Our best season in that regard, was the 1991/92 season. Drawing both League derbies and finishing fifth meant we were undefeated against United, something we wouldn’t repeat until Sven-Goran Eriksson.
That’s not to say we didn’t have our reasons to cheer. Uwe Rosler and Georgi Kinkladze were just two of those, both becoming legends for the club at a time when the club were fighting against relegation rather than pushing for titles.
Then, in 1996, and after the removal of Peter Swales, City finally were relegated into Division One (Championship as it is now). A rotating door of Managers saw Alan Ball leave, with two caretaker managers in between a visiting Steve Coppell. EVentually Frank Clark came in, and left a little over a year later.
In the season of our new club badge (the eagle one we just got rid of) we suffered yet another relegation. Installing Joe Royle on this day in 1998 was what we would ultimately need, but there was nothing he could do in the short-term to stop the rot.
Five wins in fifteen and three draws saw City miss out on safety by the single point. Had we won the penultimate game against QPR, then it would be them going down and not us. As it was, Manchester City were relegated, and players exited. Kinkladze and Rosler both playing their last games away from Maine Road.
Joe Royle, along with a smart chairman in David Bernstein, City were pulled back from the edge. Promoted, at the first time of asking, albeit via a play-off. Interestingly enough, the play-off semi final was against tomorrows FA Cup opponents Wigan.

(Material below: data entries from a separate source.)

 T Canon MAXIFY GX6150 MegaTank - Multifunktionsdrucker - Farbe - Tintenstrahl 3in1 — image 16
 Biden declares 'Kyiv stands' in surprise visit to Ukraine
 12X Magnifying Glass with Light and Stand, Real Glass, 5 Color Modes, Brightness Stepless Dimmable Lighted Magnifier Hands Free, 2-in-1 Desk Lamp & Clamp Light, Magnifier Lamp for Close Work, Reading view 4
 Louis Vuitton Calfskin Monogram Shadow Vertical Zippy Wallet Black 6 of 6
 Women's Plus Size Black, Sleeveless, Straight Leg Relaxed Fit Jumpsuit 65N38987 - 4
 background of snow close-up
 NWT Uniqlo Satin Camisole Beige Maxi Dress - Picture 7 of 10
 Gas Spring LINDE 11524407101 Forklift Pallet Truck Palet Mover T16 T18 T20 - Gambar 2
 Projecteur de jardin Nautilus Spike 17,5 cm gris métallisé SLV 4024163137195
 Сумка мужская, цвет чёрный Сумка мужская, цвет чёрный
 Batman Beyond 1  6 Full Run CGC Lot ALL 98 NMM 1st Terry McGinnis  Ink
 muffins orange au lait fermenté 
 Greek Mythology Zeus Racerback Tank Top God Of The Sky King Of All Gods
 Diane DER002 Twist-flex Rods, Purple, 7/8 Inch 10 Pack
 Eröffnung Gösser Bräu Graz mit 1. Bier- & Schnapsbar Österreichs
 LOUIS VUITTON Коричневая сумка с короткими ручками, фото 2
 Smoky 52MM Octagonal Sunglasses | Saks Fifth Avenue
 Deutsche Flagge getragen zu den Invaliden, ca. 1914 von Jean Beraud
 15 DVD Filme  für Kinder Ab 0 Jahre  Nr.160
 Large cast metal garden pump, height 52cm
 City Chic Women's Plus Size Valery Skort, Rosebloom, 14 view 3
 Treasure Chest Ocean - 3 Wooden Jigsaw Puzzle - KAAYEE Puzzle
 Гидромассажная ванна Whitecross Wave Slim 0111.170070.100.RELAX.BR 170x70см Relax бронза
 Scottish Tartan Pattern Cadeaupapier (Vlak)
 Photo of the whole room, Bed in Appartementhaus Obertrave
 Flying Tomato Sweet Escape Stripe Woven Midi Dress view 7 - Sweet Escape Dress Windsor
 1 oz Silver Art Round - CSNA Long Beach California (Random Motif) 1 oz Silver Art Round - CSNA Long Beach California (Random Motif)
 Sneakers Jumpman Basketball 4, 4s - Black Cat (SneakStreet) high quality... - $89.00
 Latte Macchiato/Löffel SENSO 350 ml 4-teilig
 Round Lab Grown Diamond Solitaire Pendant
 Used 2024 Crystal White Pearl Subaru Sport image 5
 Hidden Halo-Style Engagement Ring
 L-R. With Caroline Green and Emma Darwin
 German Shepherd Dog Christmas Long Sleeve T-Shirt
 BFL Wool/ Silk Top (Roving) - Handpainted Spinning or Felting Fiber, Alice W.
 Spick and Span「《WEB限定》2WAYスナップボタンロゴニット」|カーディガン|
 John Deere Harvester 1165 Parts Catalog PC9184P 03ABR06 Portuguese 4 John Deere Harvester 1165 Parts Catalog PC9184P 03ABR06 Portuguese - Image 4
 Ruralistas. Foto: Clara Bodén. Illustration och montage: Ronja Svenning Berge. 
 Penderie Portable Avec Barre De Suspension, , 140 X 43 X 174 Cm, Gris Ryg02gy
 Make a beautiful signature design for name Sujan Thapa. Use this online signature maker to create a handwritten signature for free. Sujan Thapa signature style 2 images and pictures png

After Alan Ball, Frank Clark and Steve Coppell, Manchester City needed a guy who knew City and the Mancunian life. In Joe Royle, they got that. Another promotion followed instantly as City found their way back in the Premiership.
A poor showing there, saw us back down and Joe Royle fired. It was an end maybe not to the most glorious era for the club. And, after the Premier League win with the final kick, the play-off maybe isn’t now the most exciting in the clubs history. It was however one of the most important in the continuation of the existence of the club, and for that we should always remember Joe.